> Extracted records
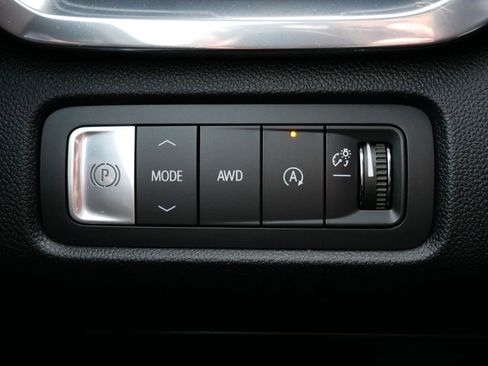 Used 2025 GMC Acadia Elevation image 22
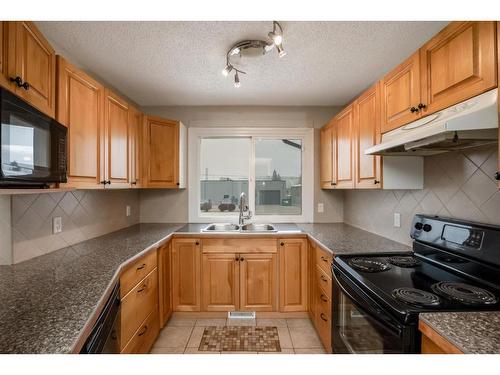 4515 48 Street, Innisfail, AB - Indoor Photo Showing Kitchen With Double Sink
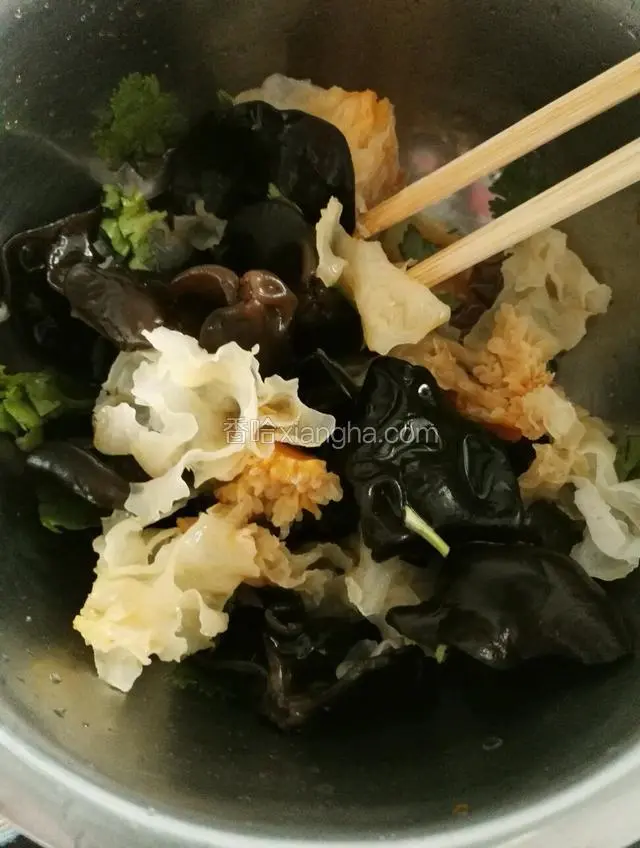 倒入盐，鸡精，糖，醋，生抽，香油拌匀即可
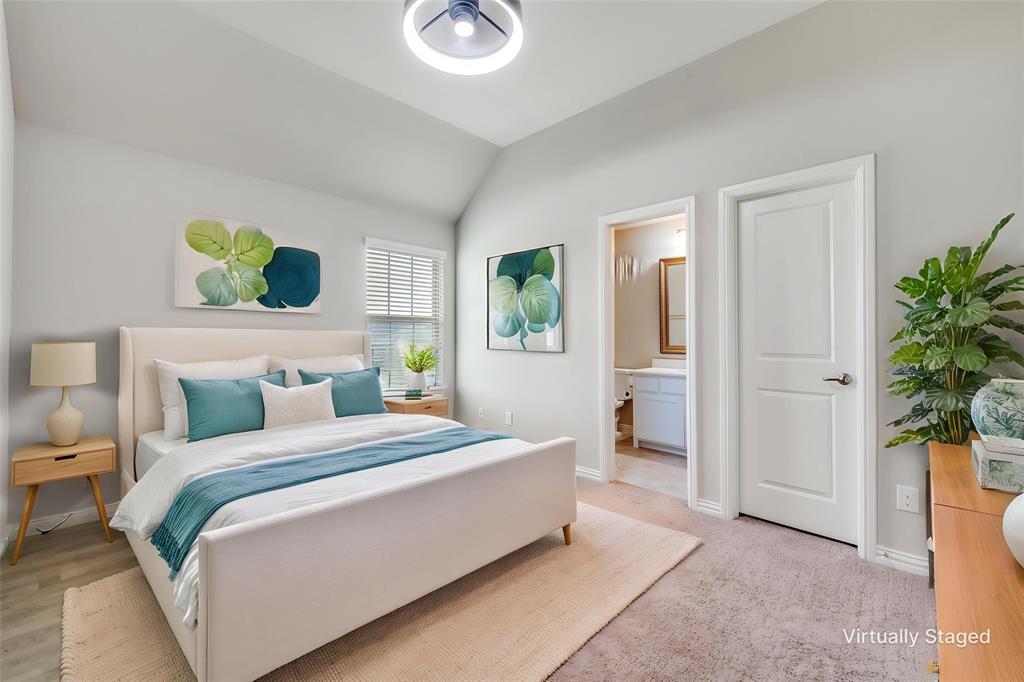 6117 Hall Road Frisco, TX 75034 - Photo 21 of 32 Bedroom featuring ensuite bath and vaulted ceiling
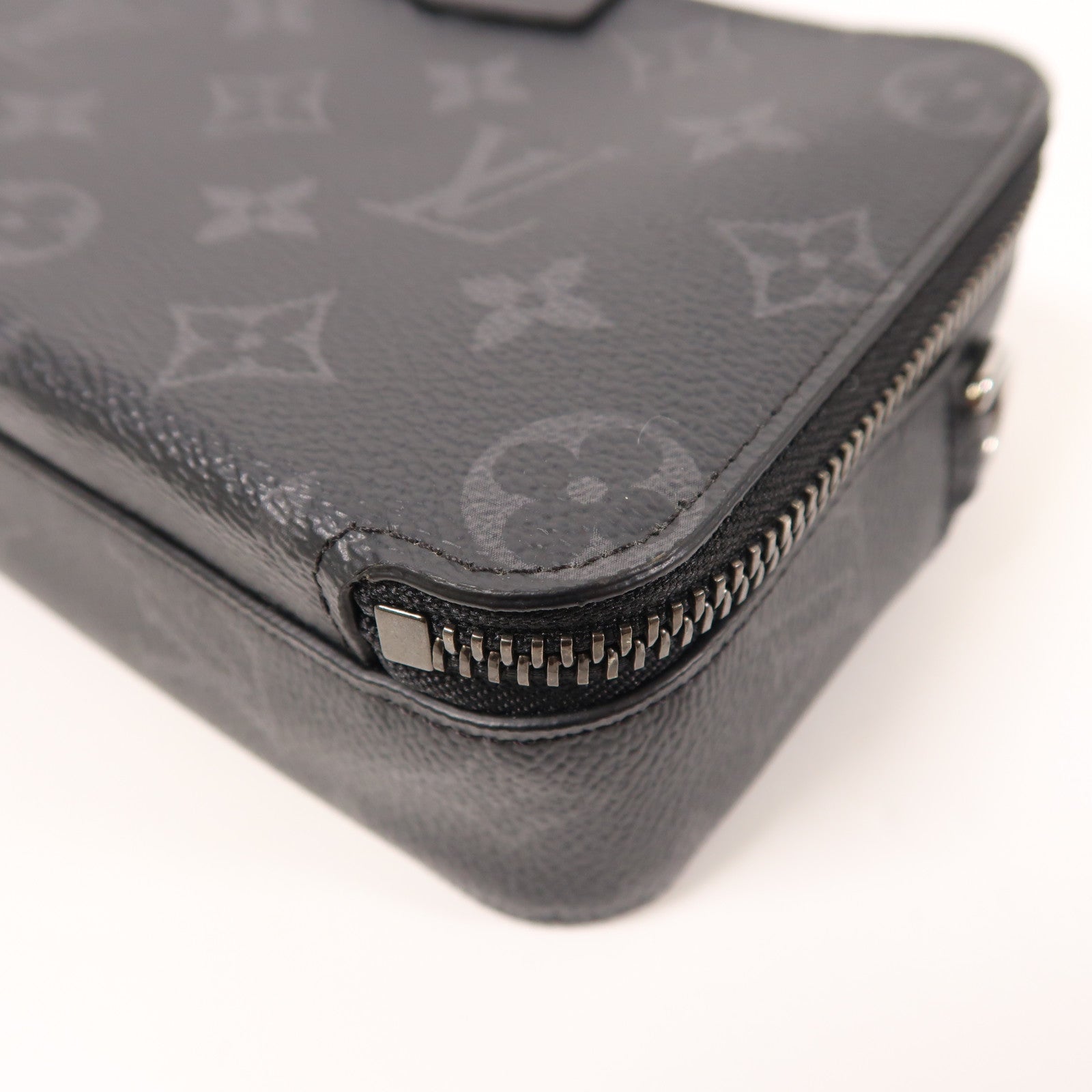 LOUIS VUITTON Monogram Eclipse Alpha Wearable銀扣肩背袋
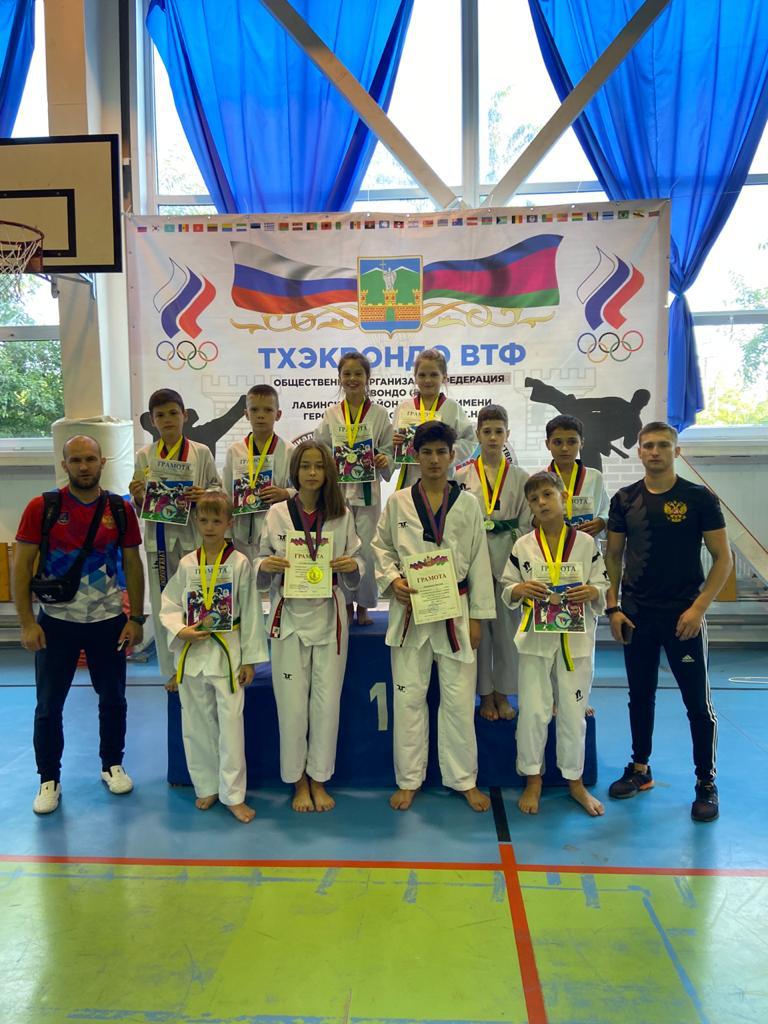 Спортсмены Ейского района достойно выступили на соревнованиях по тхэквондо в г.Лабинске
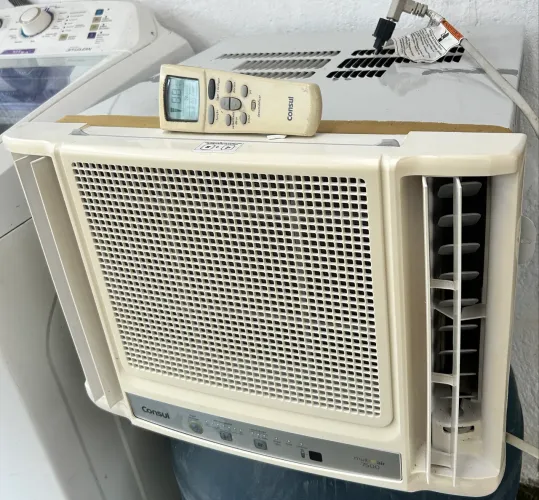 Ar condicionado Janela 7500btus eletrônico Cônsul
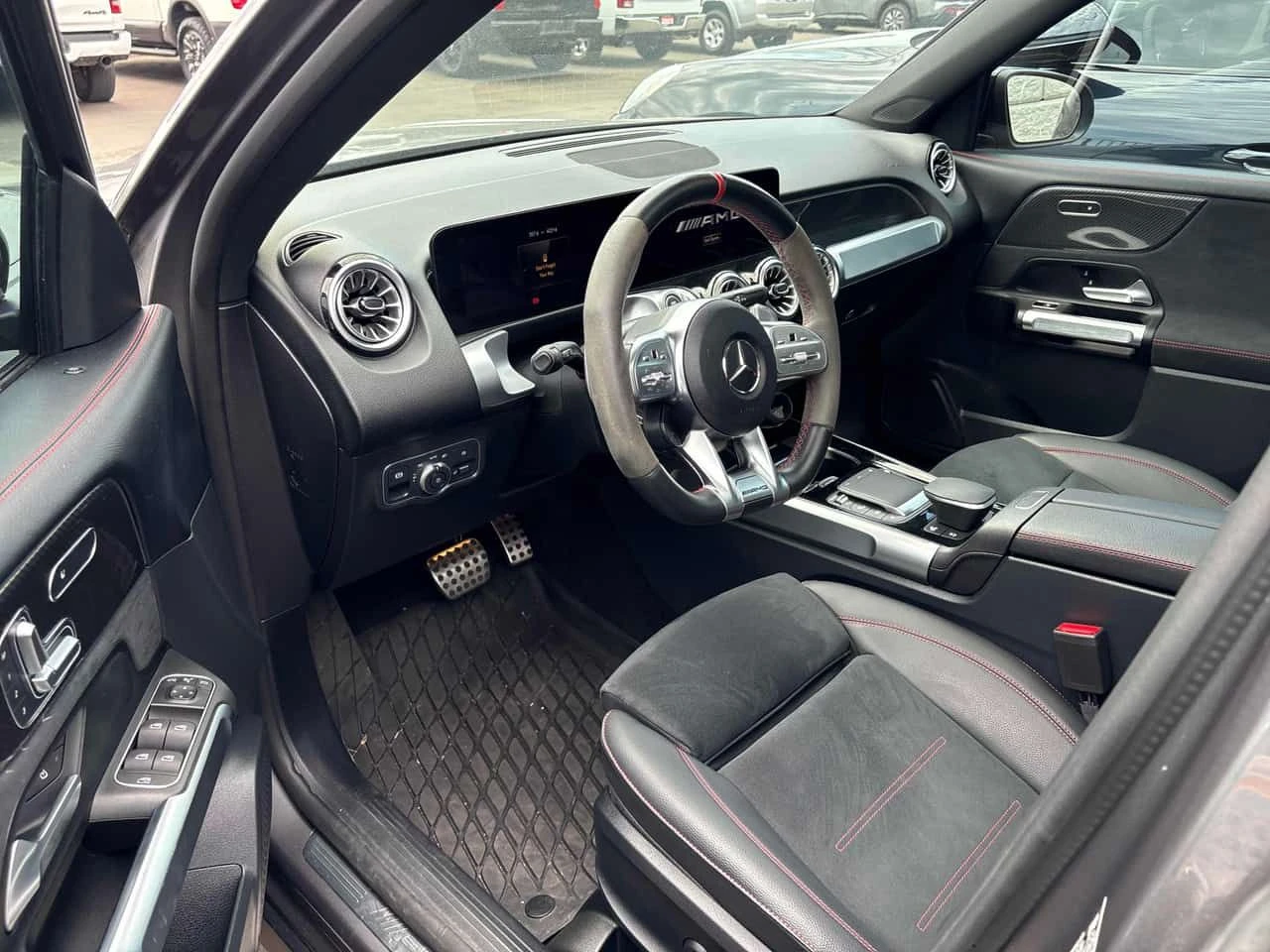 Mercedes-Benz GLB35AMG / 360 / DISTRONIC / CARFAX / АВТОКРЕДИТ, снимка 5 - Автомобили и джипове - 55590950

> Exercise details
Omit pictures; set down the rest of the material word for word.

> Written response
 Used 2025 GMC Acadia Elevation image 22
 4515 48 Street, Innisfail, AB - Indoor Photo Showing Kitchen With Double Sink
 倒入盐，鸡精，糖，醋，生抽，香油拌匀即可
 6117 Hall Road Frisco, TX 75034 - Photo 21 of 32 Bedroom featuring ensuite bath and vaulted ceiling
 LOUIS VUITTON Monogram Eclipse Alpha Wearable銀扣肩背袋
 Спортсмены Ейского района достойно выступили на соревнованиях по тхэквондо в г.Лабинске
 Ar condicionado Janela 7500btus eletrônico Cônsul
 Mercedes-Benz GLB35AMG / 360 / DISTRONIC / CARFAX / АВТОКРЕДИТ, снимка 5 - Автомобили и джипове - 55590950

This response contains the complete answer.